Task to carry out: Give again, word for word, every line in the entries below from the line with "Personalized Veteran Luggage" up to and including the line with "Smart Lock Vision", and no other line.

Provided entries:
*** Begin section ***
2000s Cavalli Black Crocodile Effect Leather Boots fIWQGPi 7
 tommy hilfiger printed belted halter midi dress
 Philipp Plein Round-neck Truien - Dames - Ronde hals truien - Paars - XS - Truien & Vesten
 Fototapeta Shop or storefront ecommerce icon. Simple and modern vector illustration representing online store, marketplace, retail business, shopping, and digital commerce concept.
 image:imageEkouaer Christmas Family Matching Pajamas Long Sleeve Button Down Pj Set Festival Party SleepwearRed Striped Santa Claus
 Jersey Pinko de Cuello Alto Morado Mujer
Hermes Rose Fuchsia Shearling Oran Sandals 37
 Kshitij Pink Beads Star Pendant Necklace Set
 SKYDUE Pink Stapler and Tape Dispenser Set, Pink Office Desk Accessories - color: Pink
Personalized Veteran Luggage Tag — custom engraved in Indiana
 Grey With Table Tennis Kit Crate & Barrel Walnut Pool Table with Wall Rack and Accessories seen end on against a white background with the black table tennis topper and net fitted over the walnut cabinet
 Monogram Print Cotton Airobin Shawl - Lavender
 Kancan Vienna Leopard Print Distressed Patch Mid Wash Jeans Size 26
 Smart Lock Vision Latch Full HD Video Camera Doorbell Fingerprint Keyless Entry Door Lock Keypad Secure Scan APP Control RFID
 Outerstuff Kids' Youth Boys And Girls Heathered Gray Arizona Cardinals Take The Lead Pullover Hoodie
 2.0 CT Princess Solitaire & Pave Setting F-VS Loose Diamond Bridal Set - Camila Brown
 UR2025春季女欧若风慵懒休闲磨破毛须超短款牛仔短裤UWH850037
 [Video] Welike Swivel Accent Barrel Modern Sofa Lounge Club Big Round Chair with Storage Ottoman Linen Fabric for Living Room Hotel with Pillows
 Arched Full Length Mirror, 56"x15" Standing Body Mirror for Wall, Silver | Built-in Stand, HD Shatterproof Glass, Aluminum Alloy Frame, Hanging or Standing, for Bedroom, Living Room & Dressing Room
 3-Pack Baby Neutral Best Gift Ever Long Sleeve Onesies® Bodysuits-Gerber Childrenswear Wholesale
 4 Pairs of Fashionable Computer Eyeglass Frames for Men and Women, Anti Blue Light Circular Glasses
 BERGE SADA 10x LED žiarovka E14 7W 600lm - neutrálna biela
*** End section ***
Answer area:
Personalized Veteran Luggage Tag — custom engraved in Indiana
 Grey With Table Tennis Kit Crate & Barrel Walnut Pool Table with Wall Rack and Accessories seen end on against a white background with the black table tennis topper and net fitted over the walnut cabinet
 Monogram Print Cotton Airobin Shawl - Lavender
 Kancan Vienna Leopard Print Distressed Patch Mid Wash Jeans Size 26
 Smart Lock Vision Latch Full HD Video Camera Doorbell Fingerprint Keyless Entry Door Lock Keypad Secure Scan APP Control RFID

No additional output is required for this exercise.